▶ To do
Retype the material that follows exactly, limited to the lines from the one with "유양동 화장실 곰팡이 청소" through the one with "Campground Critter. Least", and keep out all pictures.

▶ Data in this exercise
+===+

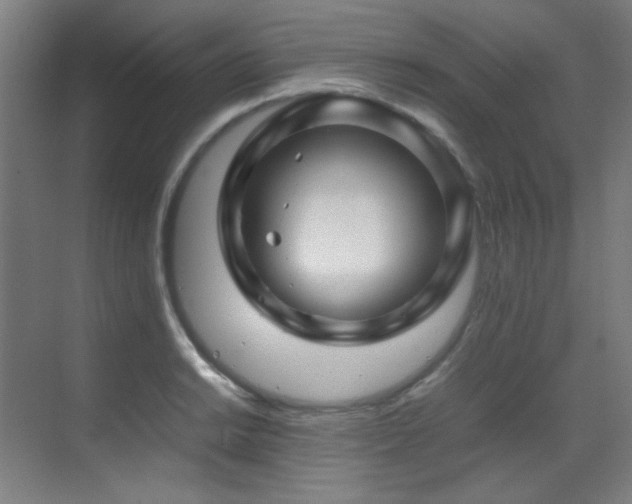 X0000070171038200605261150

+===+

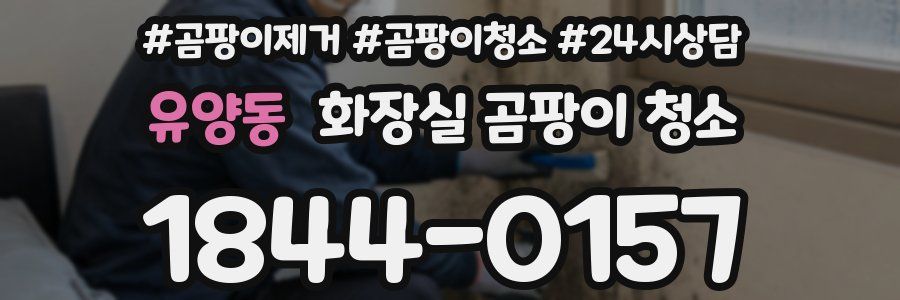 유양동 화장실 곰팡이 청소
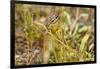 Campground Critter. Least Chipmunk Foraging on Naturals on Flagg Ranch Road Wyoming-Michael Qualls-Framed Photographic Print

+===+

▶ Task result
 유양동 화장실 곰팡이 청소
 Campground Critter. Least Chipmunk Foraging on Naturals on Flagg Ranch Road Wyoming-Michael Qualls-Framed Photographic Print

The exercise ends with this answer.